Gandhi learned that she was fighting for truth, and that she had a strong character. She was always fighting for rights with Gandhi. After their work in Africa, they decided to come back to India to continue the work with the struggles India was facing. In India, Gandhi was told that he should work not to earn money but to solve the peoples’ problems. So Gandhi discussed with Kasturba what they should do, and she agreed to continue the work in India. They didn’t live in luxury. Gandhi was given some land by the river [in Gujarat], where they made their home and started their lives with their children.

So then Gandhi [went] out to see how people were living for one year. Gandhi and Kasturba decided that she will take all the responsibility for their home and he went and visited many communities and saw the problems many people were facing.

When he came back to Gujarat, he settled a small setup of agriculture. There was also quite a good group running a community kitchen, and Kasturba was responsible for looking after the the kitchen. People said that if Kasturba wasn’t there, the people would [have been] hungry. She managed everything with equality and fairness.

After [traveling around India], and after discussing with people and Kasturba, Gandhi decided to write a letter to the British government about the conditions of the people in India.

“Our people are earning four pennies a day, while you earn an entire year earnings of our people in a day, and still you impose taxes on us.”

He then discussed with Kasturba to get ready to go [on the Great Salt March]. Then Gandhi declared in a meeting, they were going to march, and if someone didn’t want to join, then they shouldn’t. He vowed to only return when India gained freedom from the British. Because they were breaking the law, they were beaten by police and put in jail.

Kasturba’s faced suffering her whole life in freedom movements, [was arrested multiple times], and she never demanded anything from anybody. During the struggle, she contracted some diseases while she was in jail. When advised to go to the hospital after becoming very sick, she said “No, I’m not going to leave my coworkers, I’ll stay here.” And she died there besides her people.

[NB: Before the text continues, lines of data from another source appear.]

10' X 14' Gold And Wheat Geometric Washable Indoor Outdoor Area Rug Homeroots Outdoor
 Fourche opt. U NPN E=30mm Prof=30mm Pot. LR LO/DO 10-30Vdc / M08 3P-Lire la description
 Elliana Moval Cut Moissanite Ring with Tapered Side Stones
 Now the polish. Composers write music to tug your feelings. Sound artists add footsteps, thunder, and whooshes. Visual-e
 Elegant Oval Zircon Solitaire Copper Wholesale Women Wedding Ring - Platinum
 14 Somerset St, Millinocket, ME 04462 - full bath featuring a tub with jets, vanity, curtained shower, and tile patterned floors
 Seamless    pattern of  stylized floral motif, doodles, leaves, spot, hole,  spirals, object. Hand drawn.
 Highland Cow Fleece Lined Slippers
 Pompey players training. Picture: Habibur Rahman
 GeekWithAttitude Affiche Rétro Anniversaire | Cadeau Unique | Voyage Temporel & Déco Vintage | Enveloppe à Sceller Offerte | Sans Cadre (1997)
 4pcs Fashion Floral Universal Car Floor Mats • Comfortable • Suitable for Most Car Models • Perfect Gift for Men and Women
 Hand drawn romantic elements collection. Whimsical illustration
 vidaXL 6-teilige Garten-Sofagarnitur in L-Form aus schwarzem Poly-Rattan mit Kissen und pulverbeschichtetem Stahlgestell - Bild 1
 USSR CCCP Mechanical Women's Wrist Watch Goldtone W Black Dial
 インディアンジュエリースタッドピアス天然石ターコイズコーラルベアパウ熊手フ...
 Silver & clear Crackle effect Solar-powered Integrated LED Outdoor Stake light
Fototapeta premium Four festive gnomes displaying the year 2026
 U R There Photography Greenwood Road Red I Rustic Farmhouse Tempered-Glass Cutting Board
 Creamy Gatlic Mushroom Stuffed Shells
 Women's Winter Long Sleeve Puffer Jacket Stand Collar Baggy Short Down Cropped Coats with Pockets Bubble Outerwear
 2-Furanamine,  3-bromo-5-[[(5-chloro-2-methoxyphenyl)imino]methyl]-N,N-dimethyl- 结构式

Her whole life was devotion. She was the person who left all her comforts, with only two pairs of clothes. [She was] always the person with the least amount of possessions while traveling to communities. She was a strong person to fight for rights.

T: What parts of Kasturba’s story remind you most of your life or what parts do you relate to?

S: Like Kasturba, I also got married and our families were well off. And what I found in the beginning was that I felt a little nervous about how I will go about these problems. But then I joined the people’s movement with my husband.

When I was walking with the people and looking at extreme poverty, which I hadn’t known, that motivated me to work for this, and be leading people, and always telling people how we have this freedom due to [Gandhi’s] efforts.

I feel that it’s not good to live with luxury [when] people are facing severe poverty. So I joined this and I decided to work for the people who are living in isolation and severe poverty.

We can work for them.

T: And were there also moments like in Kasturba’s life where you had to argue?

S: Yes, we have faced so many moments when we were working in tribal areas and there were big problems of land rights [and exploitation]. So we fought for land rights there, and did a fast for several days demanding that people should have land rights. It was around ‘74 or ‘75.

T: Now that you’ve been organizing for so many years, what is your advice that you have for a woman who is 20 years old and who is in the same position as an organizer that you were when you were 20 years old?

S: I would want to tell them that they should understand what they want to do. They shouldn’t follow the [societal] guidelines.

But if they have faith in their own life, they can understand what they need in their friends, life. And if they want to work for [people’s rights], that will give you more satisfaction and more happiness.